_COLLECTED DATA_:
========================

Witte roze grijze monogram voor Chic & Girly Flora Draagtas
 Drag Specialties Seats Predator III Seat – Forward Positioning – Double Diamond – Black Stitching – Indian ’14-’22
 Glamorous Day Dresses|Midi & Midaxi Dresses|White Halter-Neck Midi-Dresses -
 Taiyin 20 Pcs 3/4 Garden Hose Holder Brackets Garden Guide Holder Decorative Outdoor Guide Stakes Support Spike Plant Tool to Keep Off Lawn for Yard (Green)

========================

_PROBLEM TO WORK ON_: From the line with "Drag Specialties Seats" to the last line of the material, give every line again exactly, and only those lines.

_WRITTEN REPLY_:
 Drag Specialties Seats Predator III Seat – Forward Positioning – Double Diamond – Black Stitching – Indian ’14-’22
 Glamorous Day Dresses|Midi & Midaxi Dresses|White Halter-Neck Midi-Dresses -
 Taiyin 20 Pcs 3/4 Garden Hose Holder Brackets Garden Guide Holder Decorative Outdoor Guide Stakes Support Spike Plant Tool to Keep Off Lawn for Yard (Green)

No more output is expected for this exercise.